The Tampa Clean Coal Technology Project is one of two demonstrations of advanced integrated gasification combined cycle (IGCC) technology in the United States. It was selected by the U.S. Department of Energy (DOE) in December of 1989 as a Round III Demonstration Project for the Clean Coal Technology (CCT) Program. Construction began in October of 1994 in Polk County, Florida, followed by operational startup in September of 1996. The project ran for four years as a demonstration, and continues to operate as a power production facility for Tampa Electric Company (TEC).
The demonstration unit is designated Unit 1 of the Polk Power Plant. The plant is located on a 4,300-acre site, 45-miles southeast of Tampa and 17-miles south of Lakeland. The land was previously used for phosphate mining. TEC redeveloped and reclaimed the site in the predominantly rural area for this project. Roughly one-third of the site houses the power generation facilities, and another 850 acres is devoted to a cooling pond, with the rest converted to wetland habitat and fishing lakes overseen by the Florida Fish and Game Commission. All makeup water for the power plant is supplied from on-site wells and all process water is recycled.
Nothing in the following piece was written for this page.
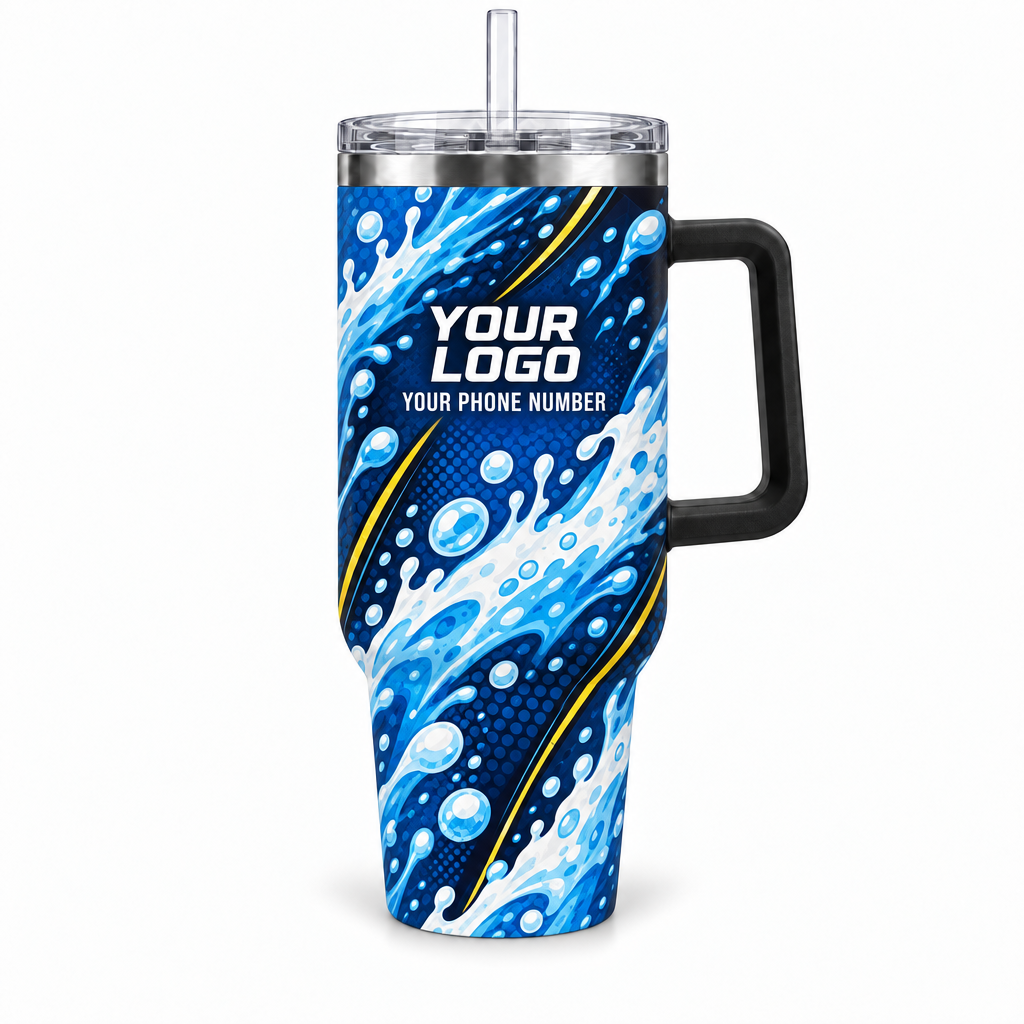 ADN011 personalized tumbler 40oz front product mockup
Coal was originally supplied to the site via truck from TEC's transloading facility in Apollo Beach, Florida. Illinois No. 6, Pittsburgh No. 8, Kentucky No. 9, and Kentucky No. 11 were among the coals tested in the IGCC facility, all of which are bituminous coals ranging from 2.5 to 3.5% sulfur.
The plant uses GE Energy's (formerly owned by Texaco) commercially available, entrained-flow, oxygen-blown gasifier to produce syngas from coal which feeds a combined-cycle turbine system to produce electricity. Each day 2,200 tons of coal are first ground, combined with recycled and makeup process water to form a slurry, then partially oxidized in the gasifiers with 95%-pure oxygen supplied by an air separation unit. The gasifiers produce a high temperature and pressure, medium-Btu synthesis gas which has a heat content of 267 Btu per standard cubic foot. Most—95%—of the carbon contained in the coal is converted on a mass basis. Molten ash collects in the bottom of the gasifier before solidifying in a water-filled sump. The non-leaching slag is sold for use as construction material.
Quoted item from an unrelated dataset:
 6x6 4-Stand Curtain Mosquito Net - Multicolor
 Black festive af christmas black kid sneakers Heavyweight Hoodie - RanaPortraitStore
Upon leaving the gasifier, the product syngas is cooled producing high-pressure steam in a high-temperature radiant heat exchanger. The cooled syngas is then washed with water to remove particulates, before being sent to a hydrolysis reactor where carbonyl sulfide (COS) is reacted to form hydrogen sulfide (H2S). Following further cooling, the syngas is routed to an acid gas removal unit where scrubbing with an amine solvent removes the H2S. The H2S is then stripped from the amine solvent via steam before being sent to a sulfuric acid plant.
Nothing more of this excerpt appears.